Montclair History & Heritage: Lucy Stone, suffragette heroine
By MIKE FARRELLY
for Montclair Local
“History & Heritage” is a series on Montclair history. It will be written by representatives of the Montclair History Center and the Montclair Public Library. Mike Farrelly is a trustee of the Montclair History Center, and has been official township historian, a volunteer position, since 2004.
There was a piece of paper in the Montclair Library vertical files; it may still be there. It was a copy of the back of a photo, with the photo itself missing. The copy listed the members of the Marshall family, including the dog, that were photographed in front of a house in the non-existent picture. The list dated, June 1, 1894, stated the house in which the Marshalls stood in front of at 118 North Mountain Ave., was 100 years old.
Also missing was the fact that more than 30 years earlier, one of America’s most remarkable women, Lucy Stone, had lived there. The house was in her name. Her husband, Henry Blackwell, was ahead of his time by not making Lucy take his last name.
Stone was born in 1818 in West Brookfield, Massachusetts. Her father was an arch-conservative, who did not believe that women should be educated. She started reading on her own, and became a teacher at age 16 and earning enough money to enter the Mount Holyoke Female Seminary (now Mount Holyoke College). A few years later she applied to Oberlin College, the first college in America to accept women and people of color. Stone believed that the Bible had been translated by men in such a way as to show that women were inferior, and learned Hebrew and Greek so she could translate the Bible herself with the hopes of correcting misconceptions. She began giving public lectures about women being equal to men. Males in the audience would frequently throw Bibles at her and shout that what she was saying was against God’s will. Stone would pick those Bibles up, and read her translations of verses that reflected poorly on women.
In 1858, Stone, her husband Henry, and their infant child Alice, moved from Orange to 118 North Mountain in Montclair. She refused to pay the local property taxes on the house in Orange because she did not have the right to vote in town elections. Her neighbors chipped in and paid the taxes on her behalf, but she was persona non grata in Orange. So, she traded houses with the Judson family in Montclair, at 118 North Mountain Ave., then on a 30-acre lot.

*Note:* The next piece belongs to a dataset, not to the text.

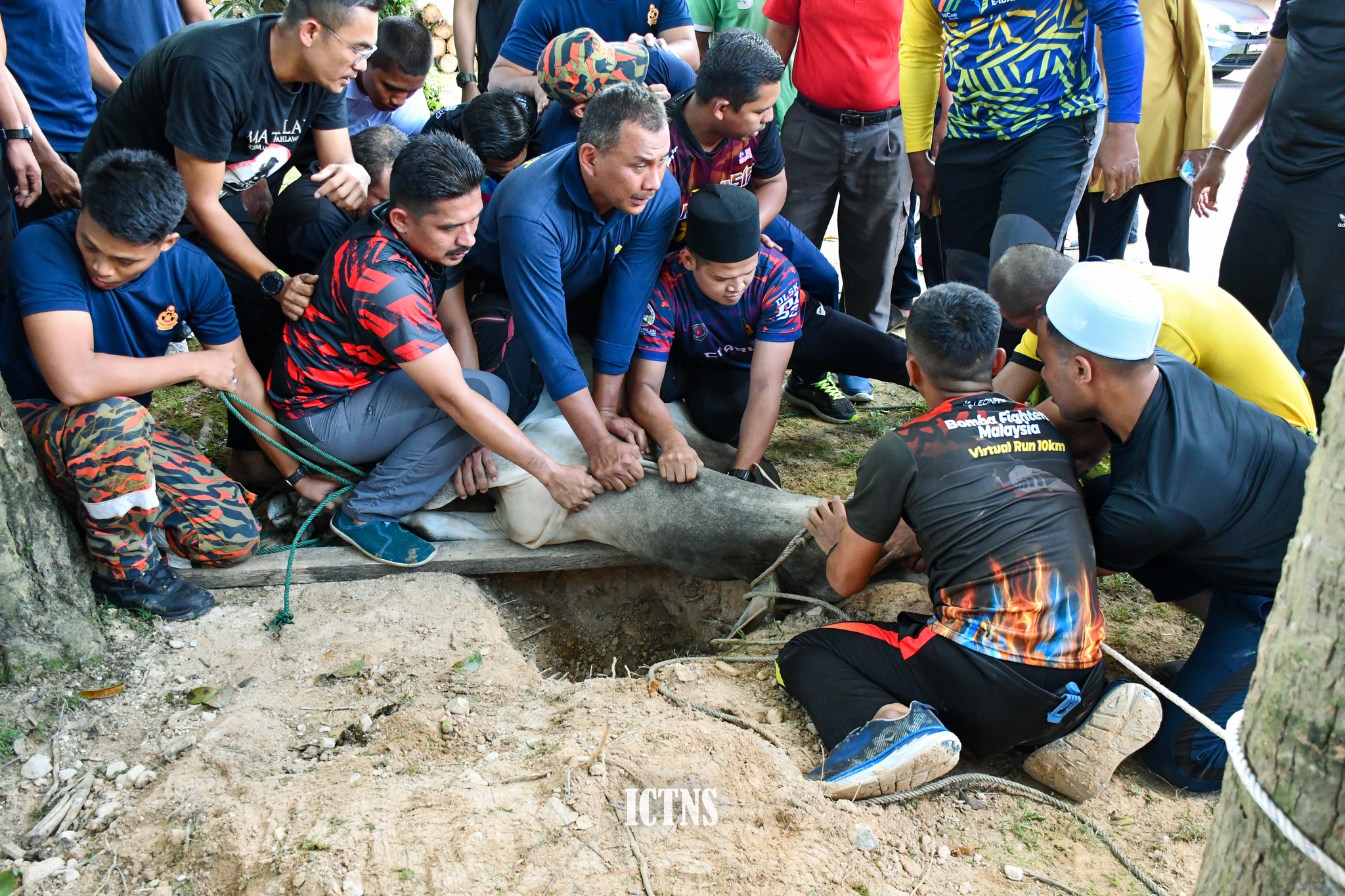 356826422 652210060271902 8658474035018428031 n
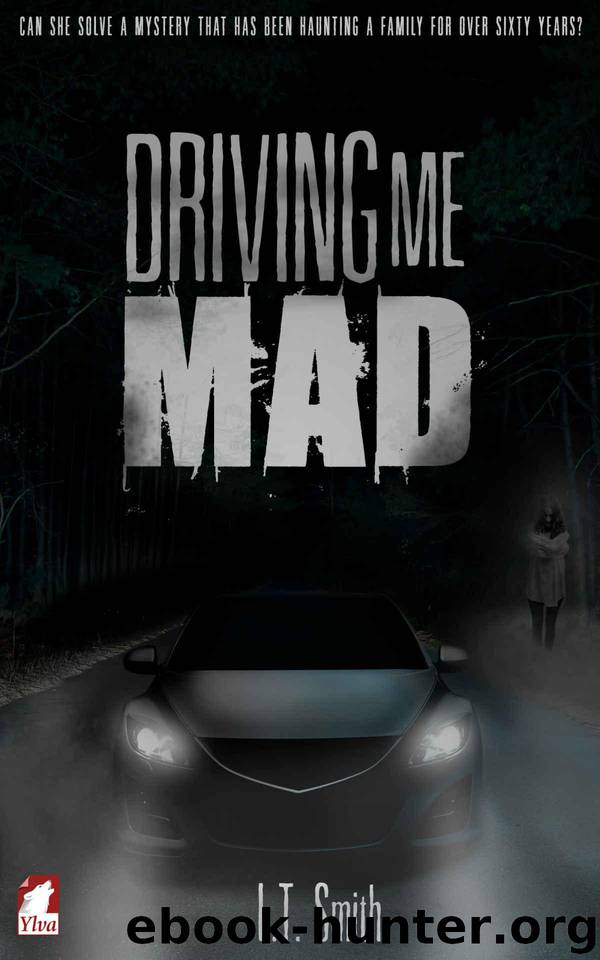Driving Me Mad by L.T. Smith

Stone’s letters indicate that the old Colonial Era farm house had already been renovated. Blackwell’s sisters, Elizabeth and Emily, built a summer home nearby. His brother George also lived in Montclair. Another brother, Samuel, lived in Orange.
Stone founded the American Equal Rights Association in 1866 with Susan B. Anthony and Elizabeth Cady Stanton. They disagreed on administrative details, so Stone left the group and founded the National Woman Suffrage Association in 1869. She was a tireless speaker on behalf of Women’s Rights and went on to become the publisher of The Women’s Journal.
Stone’s daughter, Alice, who had grown up in the Suffrage Movement, urged her mother to reconcile with Susan Anthony’s group. In 1890, the two groups combined to become the National American Woman Suffrage Association, with Stone on the executive board.
Blackwell, an ardent abolitionist, traveled with his wife to speak for Equal Rights, and after the Civil War, organized Stone’s speaking tours. He continued publishing The Women’s Journal after Lucy died in 1893.
Stone and Blackwell only lived in the house for three years. They leased it out while they moved around the country, finally settling in Massachusetts.
The house and lot remained in their possession until Blackwell’s death in 1908.